At least, when I ride to work, I am ready for the chill I will feel upon entering the building.  I teach in one of those places where they seem to turn on the air conditioning in June and leave it on, full-blast, until September.  Mark Twain once joked that the coldest winter he ever spent was a summer in San Francisco.  A summer class in the college where I teach might've changed his mind.


Yesterday, I had both of the experiences I've just described.  I took midday ride on Tosca, my fixie, down to Battery Park.  On the way back, I stopped at Bicycle Habitat to pick up a wheel Hal built for me. This wheel has a Phil Wood front track hub, a black Mavic Open Pro rim and DT spokes. It's on the front of Tosca, which previously had a road front wheel and has a rear wheel with the same rim and spokes and a Phil Wood "flip-flop" hub with a fixed gear on one side and a freewheel (which I have yet to use) on the other side.


Then, I rode the LeTour to my class.   In between, I changed clothes:  I was wearing a pair of shorts and a T-shirt for my early ride.  When I rode to class,  I wore knee-length skirt and sleeveless top that's part of a twinset . When I got to the college, I put on the cardigan from the twinset.  I find that when I feel cold, I tend to feel it more around my shoulders and chest.  I felt comfortable and rather liked the little bit of chill I felt around my legs:  It's the next best thing to a breeze by the ocean.

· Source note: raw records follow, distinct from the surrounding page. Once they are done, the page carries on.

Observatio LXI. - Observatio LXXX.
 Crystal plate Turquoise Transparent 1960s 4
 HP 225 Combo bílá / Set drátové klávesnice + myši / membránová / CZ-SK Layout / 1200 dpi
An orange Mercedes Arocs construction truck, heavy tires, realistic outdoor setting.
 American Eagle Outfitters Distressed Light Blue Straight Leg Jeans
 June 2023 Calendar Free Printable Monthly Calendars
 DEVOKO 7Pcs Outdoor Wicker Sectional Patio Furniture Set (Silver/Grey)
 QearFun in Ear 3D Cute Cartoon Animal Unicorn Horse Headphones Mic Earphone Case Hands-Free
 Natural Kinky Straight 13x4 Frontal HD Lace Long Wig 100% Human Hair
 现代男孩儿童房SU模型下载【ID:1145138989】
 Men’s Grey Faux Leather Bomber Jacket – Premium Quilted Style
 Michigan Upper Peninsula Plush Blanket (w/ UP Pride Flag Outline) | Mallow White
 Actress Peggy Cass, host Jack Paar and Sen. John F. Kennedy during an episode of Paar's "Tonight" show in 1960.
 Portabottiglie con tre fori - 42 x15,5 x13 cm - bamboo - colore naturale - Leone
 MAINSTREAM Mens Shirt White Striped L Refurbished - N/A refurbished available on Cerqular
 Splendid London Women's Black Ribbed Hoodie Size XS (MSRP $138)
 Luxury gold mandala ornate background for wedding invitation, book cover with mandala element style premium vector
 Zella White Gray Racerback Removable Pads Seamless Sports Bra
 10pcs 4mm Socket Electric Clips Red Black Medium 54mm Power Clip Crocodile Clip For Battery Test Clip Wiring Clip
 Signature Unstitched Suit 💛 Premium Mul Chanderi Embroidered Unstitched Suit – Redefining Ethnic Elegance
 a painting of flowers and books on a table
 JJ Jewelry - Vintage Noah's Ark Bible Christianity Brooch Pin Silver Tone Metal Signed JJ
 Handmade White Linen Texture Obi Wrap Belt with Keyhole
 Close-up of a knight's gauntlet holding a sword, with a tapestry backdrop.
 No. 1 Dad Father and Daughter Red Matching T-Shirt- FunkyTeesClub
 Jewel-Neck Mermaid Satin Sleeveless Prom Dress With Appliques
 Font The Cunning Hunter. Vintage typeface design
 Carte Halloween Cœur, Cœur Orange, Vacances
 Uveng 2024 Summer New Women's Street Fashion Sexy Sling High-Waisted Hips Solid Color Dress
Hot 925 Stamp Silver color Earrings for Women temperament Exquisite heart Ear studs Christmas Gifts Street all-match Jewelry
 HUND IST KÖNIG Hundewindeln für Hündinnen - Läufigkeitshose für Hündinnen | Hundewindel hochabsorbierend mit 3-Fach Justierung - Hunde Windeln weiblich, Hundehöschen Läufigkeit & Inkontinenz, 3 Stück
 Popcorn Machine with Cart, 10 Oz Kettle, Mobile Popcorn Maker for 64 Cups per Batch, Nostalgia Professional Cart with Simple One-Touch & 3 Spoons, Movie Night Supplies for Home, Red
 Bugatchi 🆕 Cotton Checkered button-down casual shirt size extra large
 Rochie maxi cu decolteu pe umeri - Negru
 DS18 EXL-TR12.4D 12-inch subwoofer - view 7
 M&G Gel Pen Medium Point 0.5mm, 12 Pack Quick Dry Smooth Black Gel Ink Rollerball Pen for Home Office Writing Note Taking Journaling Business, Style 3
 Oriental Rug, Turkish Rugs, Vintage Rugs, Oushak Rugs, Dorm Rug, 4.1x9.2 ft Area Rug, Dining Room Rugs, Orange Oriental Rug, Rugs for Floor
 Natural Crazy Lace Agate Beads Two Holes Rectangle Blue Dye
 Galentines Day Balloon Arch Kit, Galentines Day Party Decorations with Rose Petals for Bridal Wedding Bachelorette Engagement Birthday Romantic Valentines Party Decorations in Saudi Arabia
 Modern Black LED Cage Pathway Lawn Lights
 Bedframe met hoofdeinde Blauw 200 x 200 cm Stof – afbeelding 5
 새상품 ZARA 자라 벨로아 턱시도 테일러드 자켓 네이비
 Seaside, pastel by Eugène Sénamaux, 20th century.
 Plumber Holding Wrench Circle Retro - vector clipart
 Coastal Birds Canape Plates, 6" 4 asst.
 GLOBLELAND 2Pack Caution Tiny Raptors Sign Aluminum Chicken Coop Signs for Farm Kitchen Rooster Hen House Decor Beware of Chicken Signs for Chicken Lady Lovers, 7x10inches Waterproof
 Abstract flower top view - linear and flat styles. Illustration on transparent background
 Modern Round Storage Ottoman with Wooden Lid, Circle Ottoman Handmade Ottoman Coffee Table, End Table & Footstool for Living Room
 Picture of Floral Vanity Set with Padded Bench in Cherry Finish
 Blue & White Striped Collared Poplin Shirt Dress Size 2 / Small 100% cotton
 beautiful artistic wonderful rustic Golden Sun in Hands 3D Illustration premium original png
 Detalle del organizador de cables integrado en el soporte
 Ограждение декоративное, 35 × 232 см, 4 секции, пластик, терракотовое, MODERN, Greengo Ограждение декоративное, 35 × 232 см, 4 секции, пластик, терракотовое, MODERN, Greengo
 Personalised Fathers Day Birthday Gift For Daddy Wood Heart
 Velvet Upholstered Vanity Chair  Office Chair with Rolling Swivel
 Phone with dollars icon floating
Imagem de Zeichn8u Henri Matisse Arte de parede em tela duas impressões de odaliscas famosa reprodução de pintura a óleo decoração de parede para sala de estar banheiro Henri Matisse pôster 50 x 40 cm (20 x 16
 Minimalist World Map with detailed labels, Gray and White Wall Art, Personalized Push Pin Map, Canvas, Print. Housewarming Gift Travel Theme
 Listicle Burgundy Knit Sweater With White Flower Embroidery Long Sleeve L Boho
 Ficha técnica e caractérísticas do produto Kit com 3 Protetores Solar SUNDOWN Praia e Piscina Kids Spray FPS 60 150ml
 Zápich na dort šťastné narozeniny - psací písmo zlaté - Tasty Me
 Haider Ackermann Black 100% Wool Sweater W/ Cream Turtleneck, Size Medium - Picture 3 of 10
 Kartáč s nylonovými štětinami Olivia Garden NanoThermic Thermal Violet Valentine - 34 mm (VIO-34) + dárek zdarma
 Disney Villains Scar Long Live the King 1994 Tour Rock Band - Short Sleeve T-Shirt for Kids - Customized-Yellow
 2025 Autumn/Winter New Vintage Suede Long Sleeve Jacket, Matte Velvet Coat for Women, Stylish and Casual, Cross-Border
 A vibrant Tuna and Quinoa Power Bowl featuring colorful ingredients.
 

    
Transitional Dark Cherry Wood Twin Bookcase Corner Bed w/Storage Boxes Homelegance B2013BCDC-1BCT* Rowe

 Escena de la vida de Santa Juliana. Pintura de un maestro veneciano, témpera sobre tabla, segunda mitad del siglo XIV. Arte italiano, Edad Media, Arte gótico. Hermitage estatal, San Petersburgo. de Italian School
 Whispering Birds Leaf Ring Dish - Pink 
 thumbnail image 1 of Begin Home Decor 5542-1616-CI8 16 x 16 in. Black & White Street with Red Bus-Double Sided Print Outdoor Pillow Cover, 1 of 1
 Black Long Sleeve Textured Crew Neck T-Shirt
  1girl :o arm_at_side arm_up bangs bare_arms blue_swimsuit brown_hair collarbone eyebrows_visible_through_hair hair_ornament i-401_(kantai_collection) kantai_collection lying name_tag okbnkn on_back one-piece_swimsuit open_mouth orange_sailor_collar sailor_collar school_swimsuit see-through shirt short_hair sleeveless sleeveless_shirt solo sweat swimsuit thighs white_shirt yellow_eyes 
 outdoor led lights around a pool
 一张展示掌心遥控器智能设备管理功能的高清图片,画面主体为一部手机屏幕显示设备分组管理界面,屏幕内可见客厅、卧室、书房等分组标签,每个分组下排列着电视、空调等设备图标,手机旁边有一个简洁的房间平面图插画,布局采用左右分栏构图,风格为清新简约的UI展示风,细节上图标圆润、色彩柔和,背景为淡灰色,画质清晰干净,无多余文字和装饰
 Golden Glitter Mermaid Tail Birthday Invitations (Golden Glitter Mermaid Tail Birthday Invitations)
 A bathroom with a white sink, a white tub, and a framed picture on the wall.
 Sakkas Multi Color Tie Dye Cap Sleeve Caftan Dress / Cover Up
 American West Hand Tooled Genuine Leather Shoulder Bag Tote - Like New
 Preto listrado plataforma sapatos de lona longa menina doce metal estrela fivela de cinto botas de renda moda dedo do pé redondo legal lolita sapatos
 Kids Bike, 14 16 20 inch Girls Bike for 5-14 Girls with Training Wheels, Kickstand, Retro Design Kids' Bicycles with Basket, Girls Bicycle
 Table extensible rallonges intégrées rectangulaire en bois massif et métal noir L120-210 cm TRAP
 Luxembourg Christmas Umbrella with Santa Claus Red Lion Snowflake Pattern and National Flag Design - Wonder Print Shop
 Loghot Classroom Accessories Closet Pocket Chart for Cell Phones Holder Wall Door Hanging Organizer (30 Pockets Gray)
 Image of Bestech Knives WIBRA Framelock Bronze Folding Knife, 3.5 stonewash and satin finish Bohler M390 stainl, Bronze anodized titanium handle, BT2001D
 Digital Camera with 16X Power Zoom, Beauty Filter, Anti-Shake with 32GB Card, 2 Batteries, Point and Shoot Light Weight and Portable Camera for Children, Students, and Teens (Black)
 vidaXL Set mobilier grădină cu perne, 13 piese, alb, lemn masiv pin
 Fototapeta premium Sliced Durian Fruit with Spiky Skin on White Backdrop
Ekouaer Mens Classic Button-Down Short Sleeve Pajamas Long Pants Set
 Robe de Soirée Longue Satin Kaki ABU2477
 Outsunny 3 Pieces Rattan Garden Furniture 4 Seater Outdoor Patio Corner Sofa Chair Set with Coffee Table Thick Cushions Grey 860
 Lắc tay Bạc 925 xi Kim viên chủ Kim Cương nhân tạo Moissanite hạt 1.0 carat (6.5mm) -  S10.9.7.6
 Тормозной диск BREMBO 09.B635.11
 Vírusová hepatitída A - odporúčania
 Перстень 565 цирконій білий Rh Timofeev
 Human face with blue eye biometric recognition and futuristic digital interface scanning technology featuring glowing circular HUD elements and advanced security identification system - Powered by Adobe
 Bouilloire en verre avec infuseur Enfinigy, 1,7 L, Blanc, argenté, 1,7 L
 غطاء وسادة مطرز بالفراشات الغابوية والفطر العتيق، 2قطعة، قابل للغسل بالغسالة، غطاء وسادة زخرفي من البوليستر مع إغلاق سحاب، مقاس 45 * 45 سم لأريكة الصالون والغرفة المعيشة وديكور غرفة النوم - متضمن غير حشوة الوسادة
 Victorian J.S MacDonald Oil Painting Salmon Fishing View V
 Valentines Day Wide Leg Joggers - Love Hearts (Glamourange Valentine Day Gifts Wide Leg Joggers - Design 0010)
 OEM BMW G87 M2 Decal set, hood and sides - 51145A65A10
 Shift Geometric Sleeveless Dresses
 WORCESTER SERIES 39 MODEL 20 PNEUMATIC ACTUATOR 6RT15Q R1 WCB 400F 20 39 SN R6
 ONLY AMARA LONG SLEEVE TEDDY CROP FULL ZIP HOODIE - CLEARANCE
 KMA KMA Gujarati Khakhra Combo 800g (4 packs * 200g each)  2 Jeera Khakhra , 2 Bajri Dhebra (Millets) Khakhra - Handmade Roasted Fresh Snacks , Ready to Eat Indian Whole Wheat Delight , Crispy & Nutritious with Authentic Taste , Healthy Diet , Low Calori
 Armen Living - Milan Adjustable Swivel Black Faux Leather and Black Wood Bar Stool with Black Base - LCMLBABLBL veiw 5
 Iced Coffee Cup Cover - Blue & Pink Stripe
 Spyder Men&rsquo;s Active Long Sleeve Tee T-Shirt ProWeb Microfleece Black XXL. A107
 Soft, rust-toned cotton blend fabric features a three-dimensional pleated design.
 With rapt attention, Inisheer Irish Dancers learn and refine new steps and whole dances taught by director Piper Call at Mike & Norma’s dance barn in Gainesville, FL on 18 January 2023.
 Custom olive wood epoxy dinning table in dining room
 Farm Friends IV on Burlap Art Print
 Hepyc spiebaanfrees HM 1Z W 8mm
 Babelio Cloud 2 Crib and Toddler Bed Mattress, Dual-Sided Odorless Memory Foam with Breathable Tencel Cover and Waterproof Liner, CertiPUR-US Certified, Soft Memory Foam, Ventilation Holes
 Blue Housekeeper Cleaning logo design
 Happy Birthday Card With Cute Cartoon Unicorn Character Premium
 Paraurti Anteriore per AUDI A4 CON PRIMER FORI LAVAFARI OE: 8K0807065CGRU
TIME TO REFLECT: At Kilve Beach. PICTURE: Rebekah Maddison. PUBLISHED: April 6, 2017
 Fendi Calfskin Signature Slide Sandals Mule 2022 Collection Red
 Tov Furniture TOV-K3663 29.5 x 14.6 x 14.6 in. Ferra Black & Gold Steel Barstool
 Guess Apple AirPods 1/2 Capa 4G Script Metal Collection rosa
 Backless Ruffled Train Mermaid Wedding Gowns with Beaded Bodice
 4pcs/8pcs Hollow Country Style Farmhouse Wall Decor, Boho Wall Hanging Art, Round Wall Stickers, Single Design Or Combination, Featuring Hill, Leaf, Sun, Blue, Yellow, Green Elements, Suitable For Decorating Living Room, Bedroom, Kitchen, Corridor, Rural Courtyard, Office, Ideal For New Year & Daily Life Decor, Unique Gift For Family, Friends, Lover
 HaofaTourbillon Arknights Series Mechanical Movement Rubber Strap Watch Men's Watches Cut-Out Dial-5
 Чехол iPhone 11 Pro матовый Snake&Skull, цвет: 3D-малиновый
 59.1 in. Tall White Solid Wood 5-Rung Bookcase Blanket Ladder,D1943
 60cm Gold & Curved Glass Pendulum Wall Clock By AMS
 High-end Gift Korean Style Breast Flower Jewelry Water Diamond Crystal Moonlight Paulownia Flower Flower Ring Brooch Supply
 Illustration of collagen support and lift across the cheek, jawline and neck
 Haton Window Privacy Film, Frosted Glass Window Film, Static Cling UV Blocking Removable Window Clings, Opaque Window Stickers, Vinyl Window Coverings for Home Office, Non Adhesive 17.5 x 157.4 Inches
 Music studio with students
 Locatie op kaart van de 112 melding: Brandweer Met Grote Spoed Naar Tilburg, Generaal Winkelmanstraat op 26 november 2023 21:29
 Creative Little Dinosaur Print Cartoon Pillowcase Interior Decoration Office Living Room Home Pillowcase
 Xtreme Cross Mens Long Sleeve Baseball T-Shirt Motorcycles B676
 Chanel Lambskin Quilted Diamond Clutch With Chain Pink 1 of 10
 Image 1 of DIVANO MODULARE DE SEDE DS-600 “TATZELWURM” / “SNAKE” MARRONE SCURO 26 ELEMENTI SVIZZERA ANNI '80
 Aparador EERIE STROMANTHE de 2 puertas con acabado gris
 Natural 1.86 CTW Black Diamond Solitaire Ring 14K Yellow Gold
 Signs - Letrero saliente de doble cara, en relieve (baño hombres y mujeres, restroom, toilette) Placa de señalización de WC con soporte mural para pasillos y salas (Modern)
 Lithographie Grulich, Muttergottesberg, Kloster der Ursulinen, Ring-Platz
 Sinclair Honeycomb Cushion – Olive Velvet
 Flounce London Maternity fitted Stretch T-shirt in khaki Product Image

Back when I was Professor Nick, I didn't think as much about how I was dressed when I taught.  When I taught evening classes during the summer, as I'm teaching now, I sometimes came to class in the shorts and T-shirt I wore when I rode in.  No one seemed to mind, and since neither my department chair nor any of the administrators were there in the evening, I don't think any of them knew.  If anyone complained, I probably would have heard about it.


I never rode to class in lycra.


Although there are no official dress codes at the college, I don't think I could get away with teaching in shorts and a T-shirt, much less lycra, now.  Then again, I wouldn't do it: As Professor Justine (or simply Justine),  I am more conscious of how I dress and otherwise present myself.  Some of that may simply have to do with getting older and perhaps, in some way, more conservative.  Some of the more radical feminists and queer theorists might say that I'm taking on society's feminine gender role, or some such thing. 


But I digress.  Bicycling and air conditioning seem like the opposite poles of a summer's day.  Or are they?



Hmm....If I hook up my helmet with an air conditioner, does that violate the manufacturer's warranty?  Will it be safe if I ever decide to try to break some motor-paced speed record?